• **Supplied material**
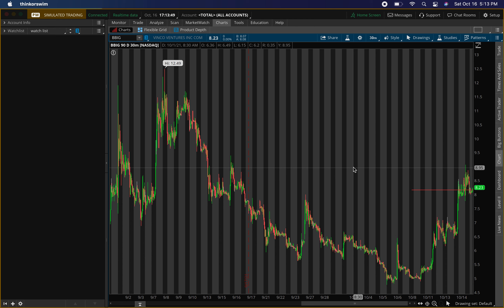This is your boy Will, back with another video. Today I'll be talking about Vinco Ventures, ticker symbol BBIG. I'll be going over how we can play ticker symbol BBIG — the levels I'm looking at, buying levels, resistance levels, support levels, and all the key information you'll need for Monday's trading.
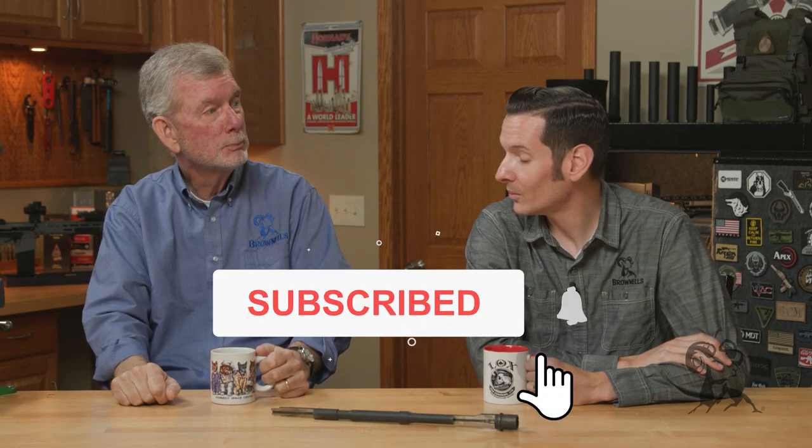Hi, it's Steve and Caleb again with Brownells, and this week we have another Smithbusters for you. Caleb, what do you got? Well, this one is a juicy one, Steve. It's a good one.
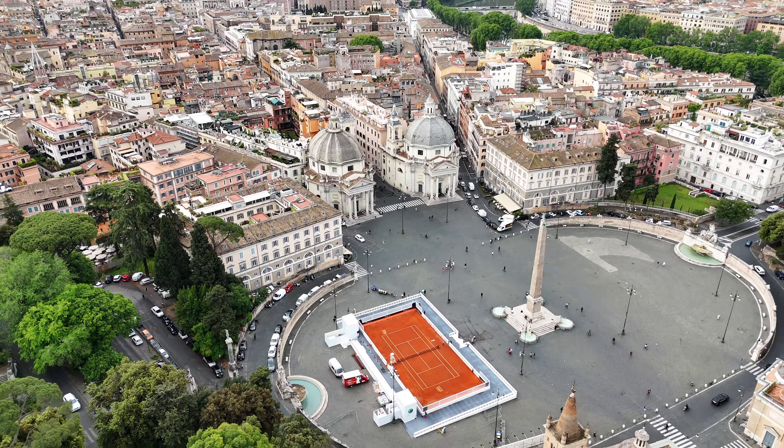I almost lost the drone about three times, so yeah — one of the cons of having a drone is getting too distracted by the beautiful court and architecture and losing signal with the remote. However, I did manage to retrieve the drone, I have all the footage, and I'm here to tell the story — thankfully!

• **Task brief**
For this exercise, write out the listing verbatim and leave every image out.

• **Result of the task**
This is your boy Will, back with another video. Today I'll be talking about Vinco Ventures, ticker symbol BBIG. I'll be going over how we can play ticker symbol BBIG — the levels I'm looking at, buying levels, resistance levels, support levels, and all the key information you'll need for Monday's trading.
Hi, it's Steve and Caleb again with Brownells, and this week we have another Smithbusters for you. Caleb, what do you got? Well, this one is a juicy one, Steve. It's a good one.
I almost lost the drone about three times, so yeah — one of the cons of having a drone is getting too distracted by the beautiful court and architecture and losing signal with the remote. However, I did manage to retrieve the drone, I have all the footage, and I'm here to tell the story — thankfully!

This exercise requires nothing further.